Why your job is not starting

Since the job scheduling policy is complex, it’s not easy to figure out why a job has not started, or when it might start. You can always contact NSC Support and ask us why your job won’t start (remember to provide the job ID(s)) and we will explain why.

Here are some reasons why a job might not start when you expect it to.

The system is gathering nodes to start another job. If a wide (i.e needs many nodes) job is the highest priority job, but there are not enough idle nodes to start it on, the scheduler will need to wait until enough jobs have ended to have the required number of idle nodes. I.e if a 128 node job is waiting to be started, you might see 127 idle nodes, and your job will still not start (unless it is short enough to be started using backfill).
Nodes are reserved. Sometimes compute nodes are reserved for a particular purpose (e.g for maintenance or a course), and not available to normal jobs. Reserved nodes are shown as “resv” by the sinfo command. You can view all reservations using the command sinfo -Tl.
A scheduled service stop is coming up. When we need to perform maintenance on the system, we notify users via email and then reserve all compute nodes from a particular date and time. When this time is approaching, jobs will not be started if they cannot finish before the service stop reservation starts. E.g if the service stop starts Monday at 08:00, on Saturday at 08:00, only jobs with a wall time limit of less than 48 hours will be started.
Your project has run much more than its allocated time recently, and is temporarily blocked from starting new jobs. Such jobs will be shown by squeue as “QOSUsageThreshold”.
Your project has hit the “MAXPS” limit that prevents a single project from using a too large part of the system at any one time. Such jobs will be shown by squeue as “AssocGrpCPURunMinutesLimit”.
Your job has requested a too high Timelimit. If your job requests more than the allowed limit, it will never start. Such jobs will be shown by squeue as “PartitionTimeLimit”.
Your project has ended. If your project’s allocation has ended, your running jobs will finish but no new ones will start. If a project is no longer displayed by the “projinfo” command, it has expired. Such jobs will be listed by squeue as “QOSUsageThreshold”.

Things that might be a problem but usually are not

`ReqNodeNotAvail`

Technically, this means “when the cluster job scheduler last looked at your job, there were no nodes available in the cluster on which the job could be started”.

There are several possible reasons why this might be the case.

1: The cluster has scheduled maintenance (when no jobs can run) coming up, and there is less time remaining until the start of the maintenance period than the amount of time the job needs. Planned maintenance is announced via email, but you can also check our system status page.

2: The job requests an impossible combination of node type, memory, etc.

3: We have just started a “rolling upgrade” (an automatic reboot of all compute nodes when their current job finishes). For a few minutes (until the first nodes have completed their reboot, no more than 30 minutes) there are no nodes available to start any job on.

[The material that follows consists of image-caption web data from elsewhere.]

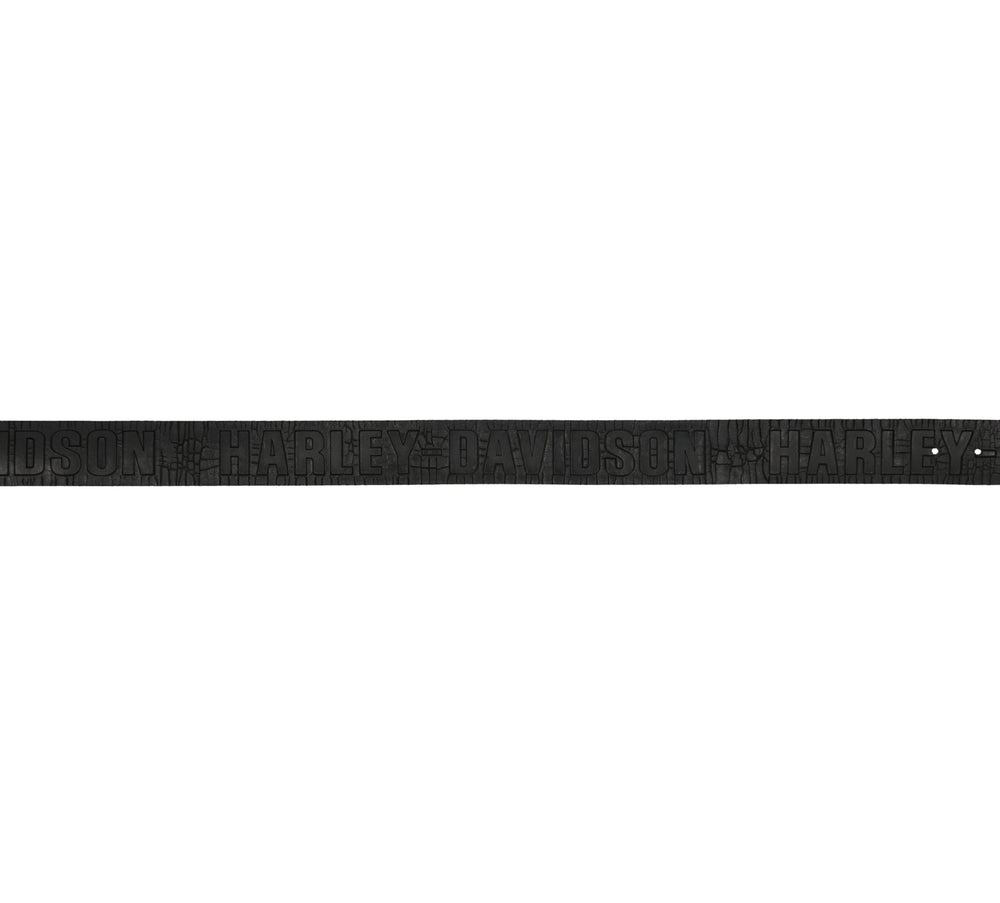 HALEO BLACK CARBON BELT サイズＭ Men's ECCO® Italian Belt | Black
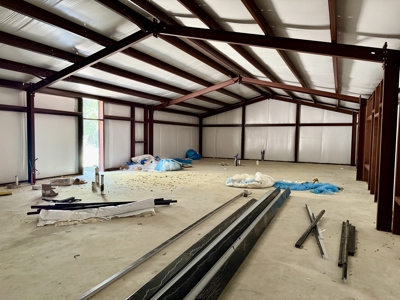 59+/- Acres of land with Quonset hut barn, Chancellor, Alabama - image 9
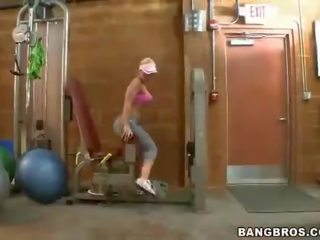 Austin Taylor Naked Workout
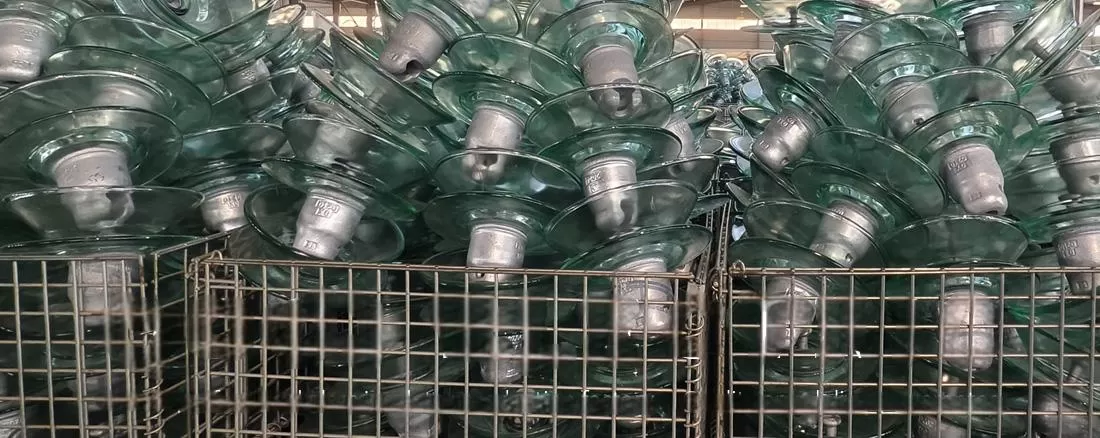 Two-Winged Fog Type Glass Suspension Insulators Psd 70 E TypeFigure 5 Two-Winged Fog Type Glass Suspension Insulators Psd 70 E TypeFigure 5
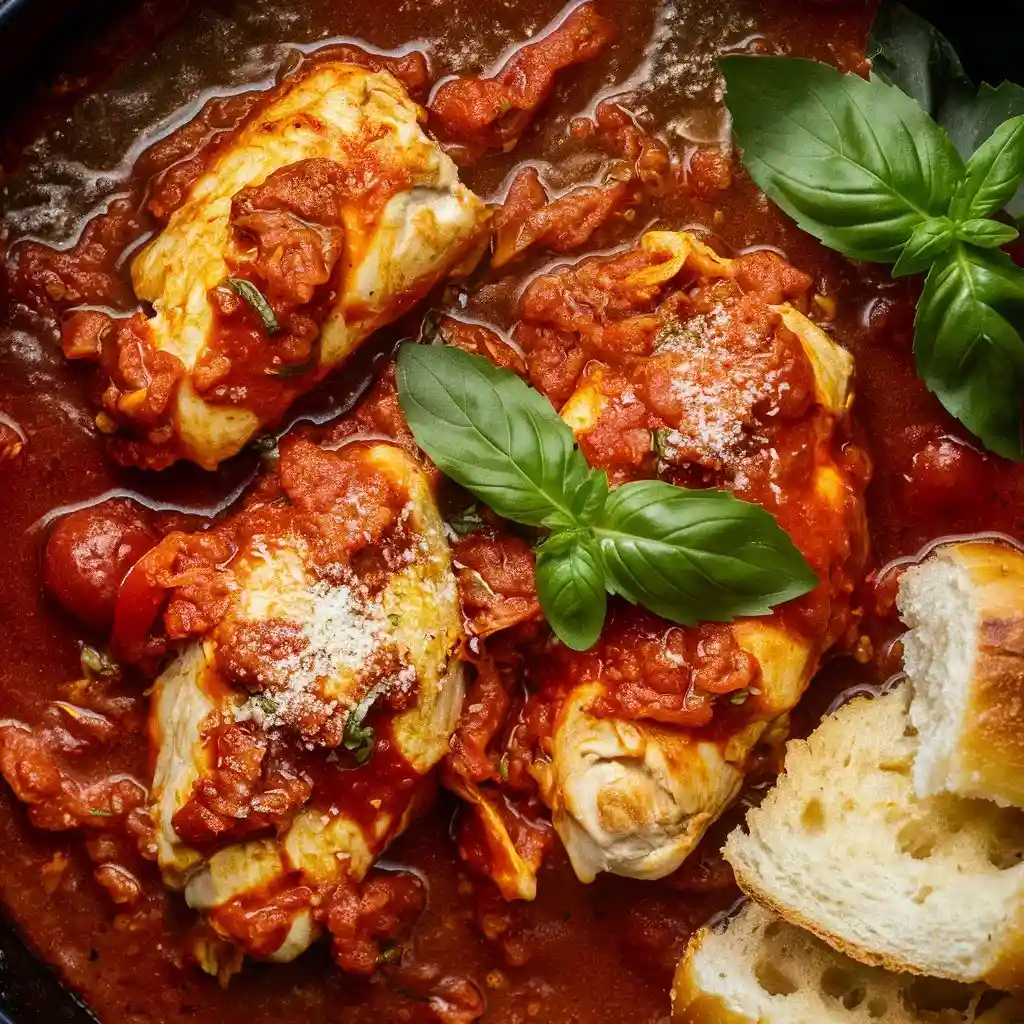 Chicken Marinara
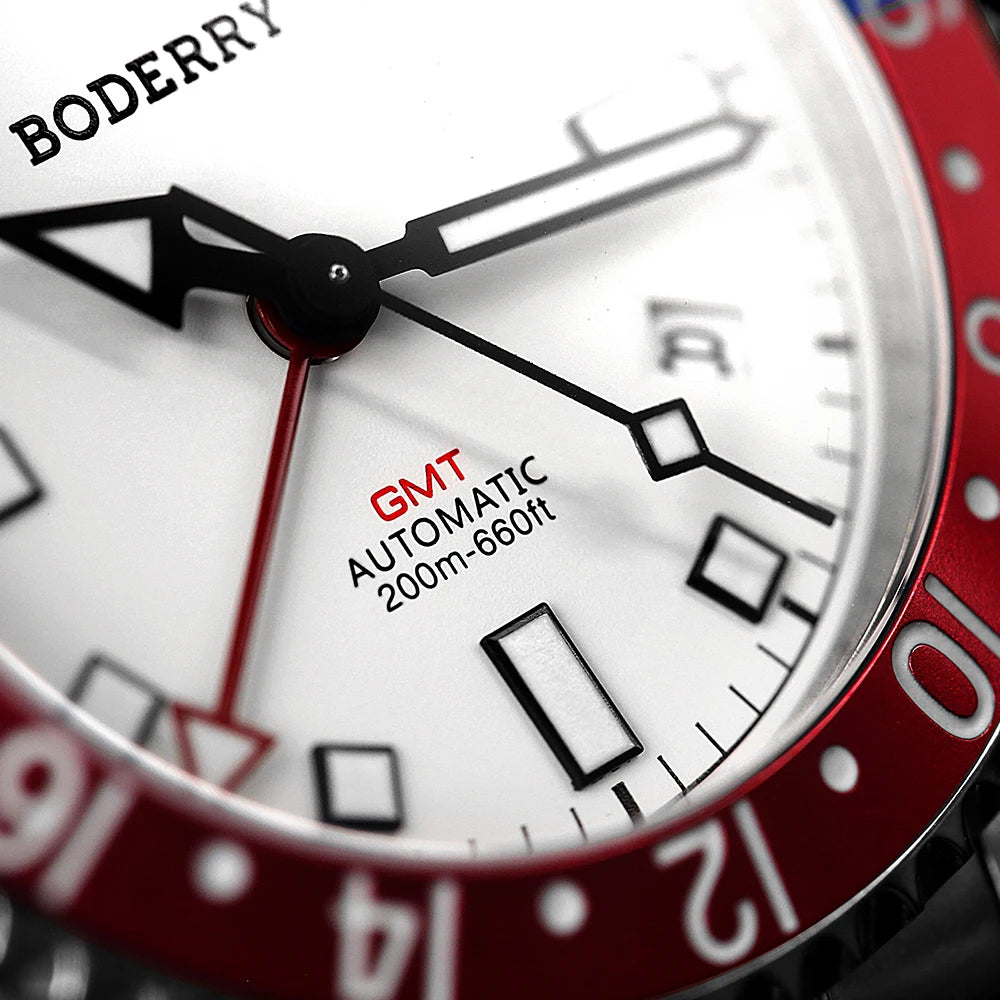 Boderry ADMIRAL GMT Titanium Diver (Automatic)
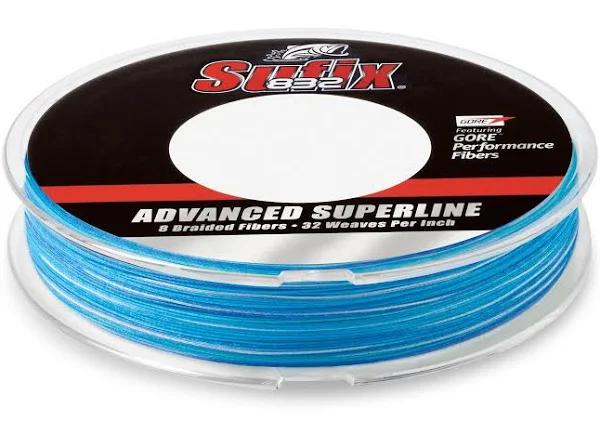 Sufix 832 Advanced Superline Braid 150 Yards 20lb / Coastal Camo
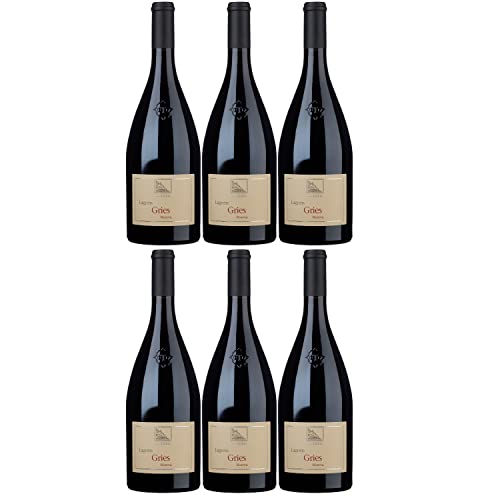 Cantina Terlan Lagrein Gris DOC Riserva Alto Adige Rotwein Wein trocken Italien I Visando Paket (6 x 0,75l) von Cantina Terlan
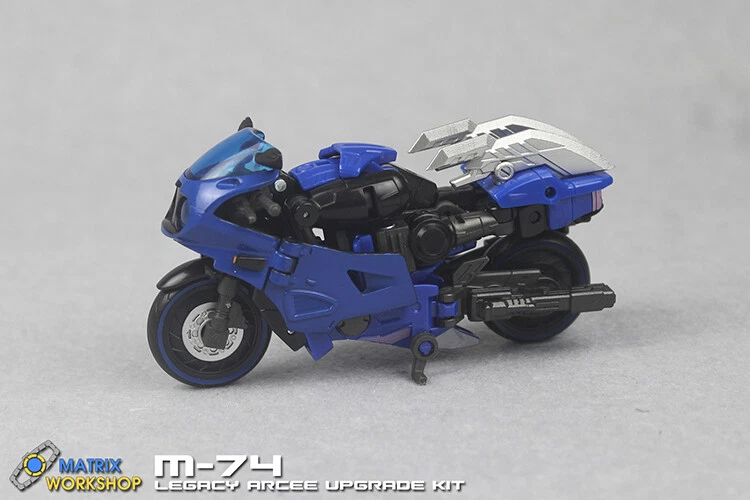 M-74 Weapon Upgrade Kit 3D DIY Matrix Workshop For Legacy Arcee Gun And Knife - Image 4 of 4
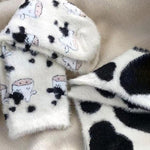 Chaussettes Chaudes En Peluche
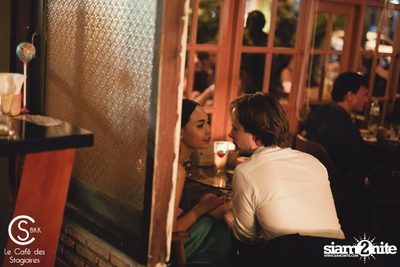CS Airways by Beefeater at Le Café des Stagiaires — photo 60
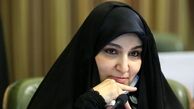 شعرخوانی کنایه‌آمیز دختر سردار قاسم سلیمانی درباره آلودگی هوا در صحن علنی شورای شهر تهران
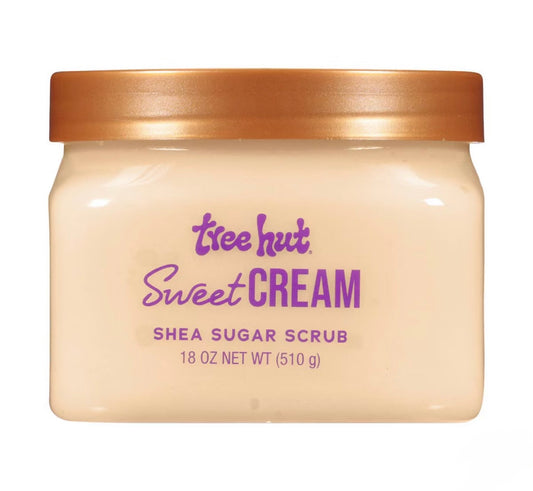 Sweet Cream Shea Sugar Tree Hut Scrub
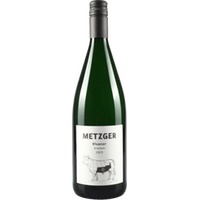 Metzger Rivaner trocken Liter -C-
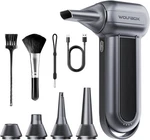 Wolfbox MF100 150K Rpm Cordless Air Duster Blower, 3-SPEED For Pc Keyboard Car. Fixed Price $79.00.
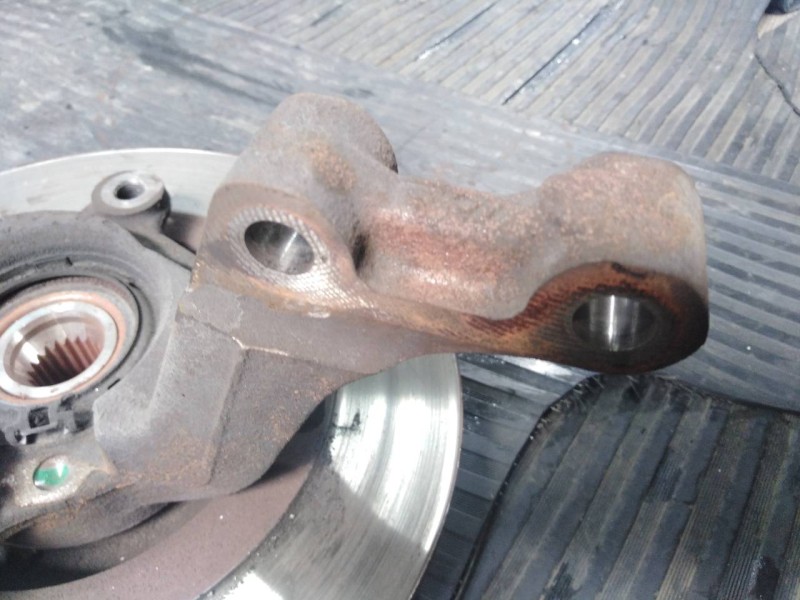 Recambio de mangueta delantera derecha para suzuki samurai (sj) hardtop referencia OEM IAM 123183  P1-A4-35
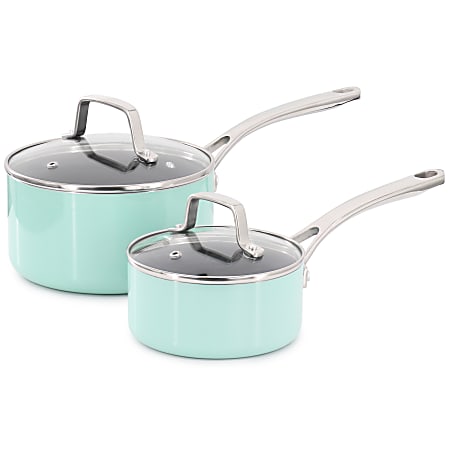 マーサスチュワート Martha Stewart Lockton 14 Piece Ceramic Nonstick Aluminum Cookware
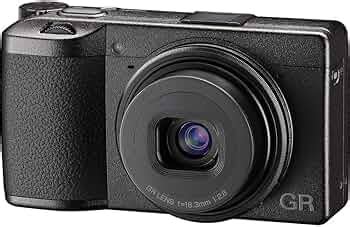 Ricoh Gr Iii Digital Compact Camera,24Mp,28Mm F 2.8 Lens with Touch ...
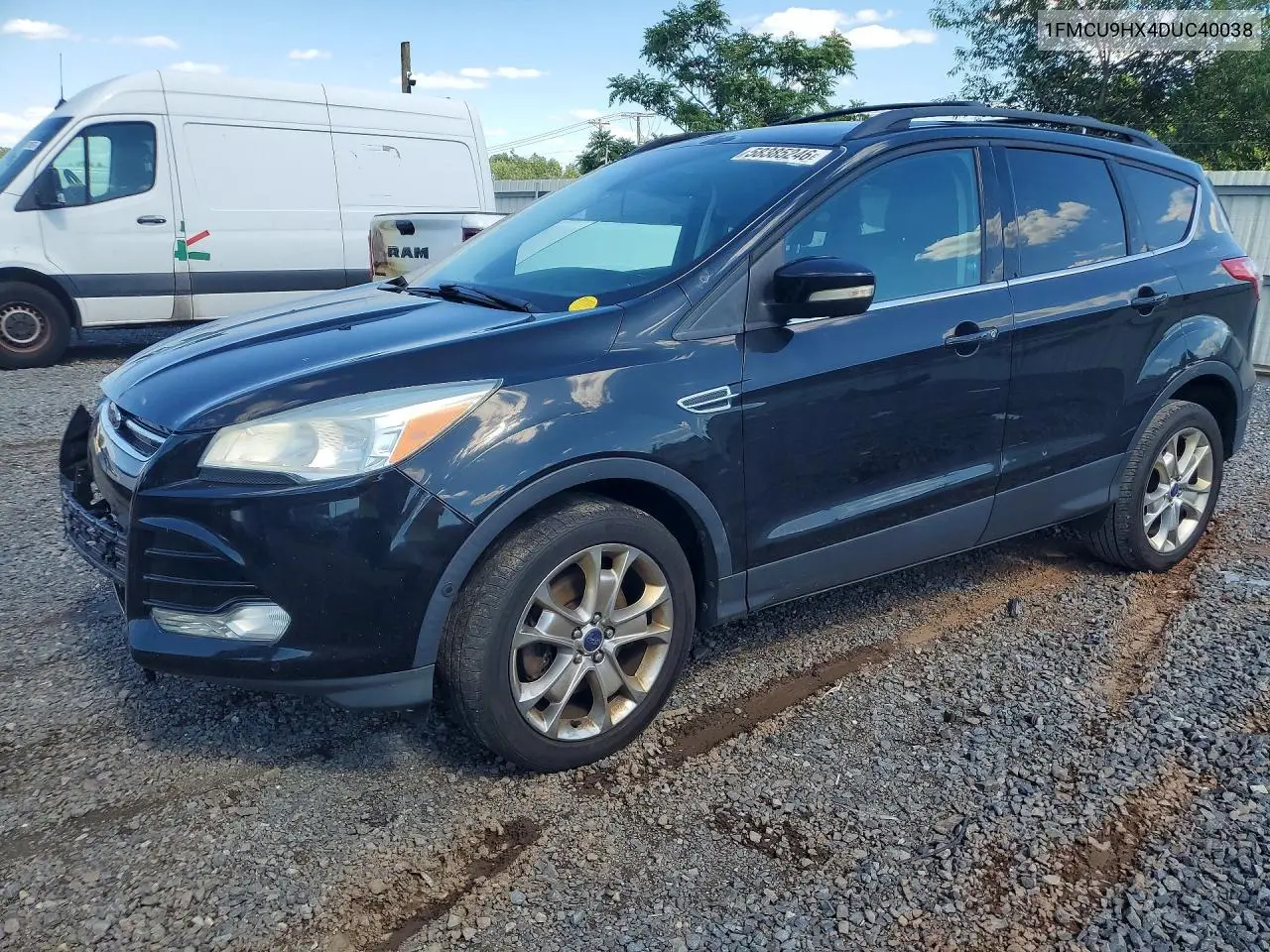 Ford Escape (III)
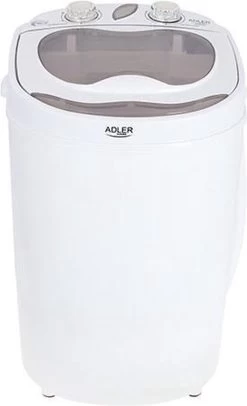 Adler AD8055 - Mini Wasmachine Met Centrifuge -Outdoor Camping Shop 730x1200
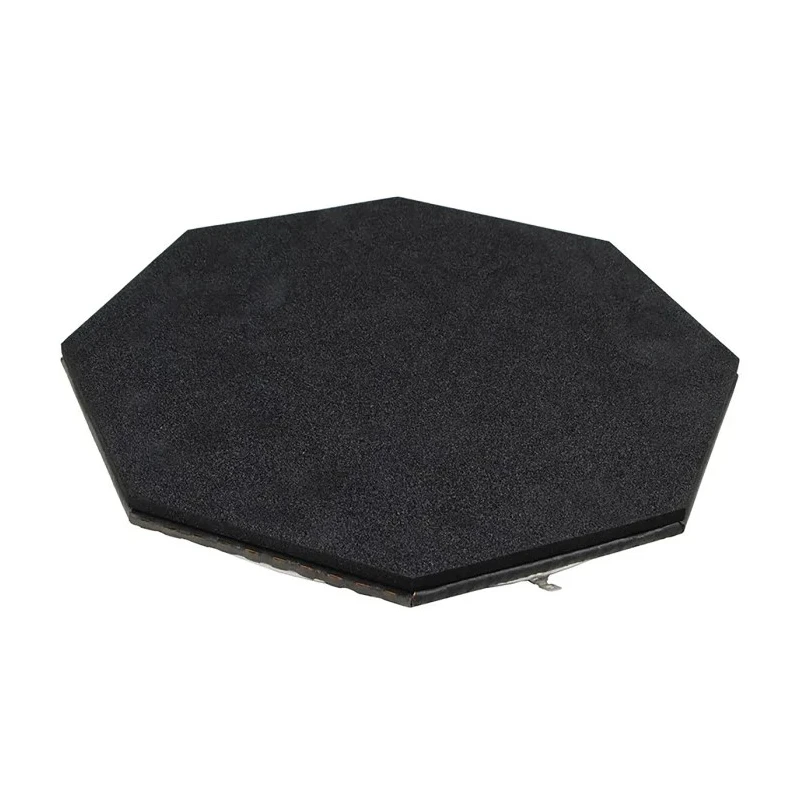 RS PRO ESD Dissipative Turntable Octagon Shape Galvanised Steel Conductive Foam Surface 394 mm Across Flats 23 kg 121-2710
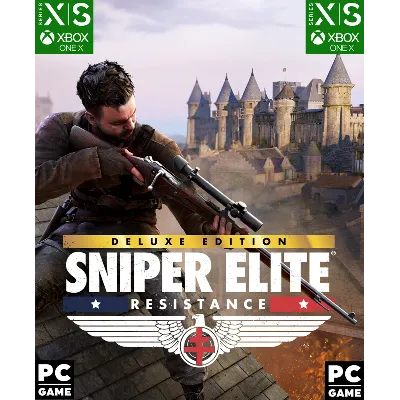 Sniper Elite: Resistance Deluxe Edition XBOX ONE SERIES X|S PC Ключ Сразу - irongamers.ru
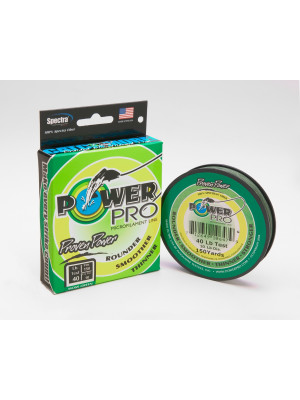 Power Pro Super Line 275m  moss green - braided fishing line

4: At some point in the past, one of the above conditions 1-3 were true, but the (always very busy) job scheduler has not looked at your job again since then, so an incorrect old Reason is shown.

What you can do:

Check the system status page. If there is downtime scheduled and your job asks for more time (Timelimit, the “-t” option to sbatch) than available until the start of the downtime, the job will not be started until after the downtime. If you need to run the job before the downtime, you need to ask for less time (“-t” option).

If this is a new job type and you ask for an unusual amount of memory, GPUs, etc - the reason might be that no suitable node exists. See this page to see which node types are available.

If you can’t figure out the reason yourself, ask NSC Support (remember to provide the job ID) and we can explain why that particular job is listed as ReqNodeNotAvail.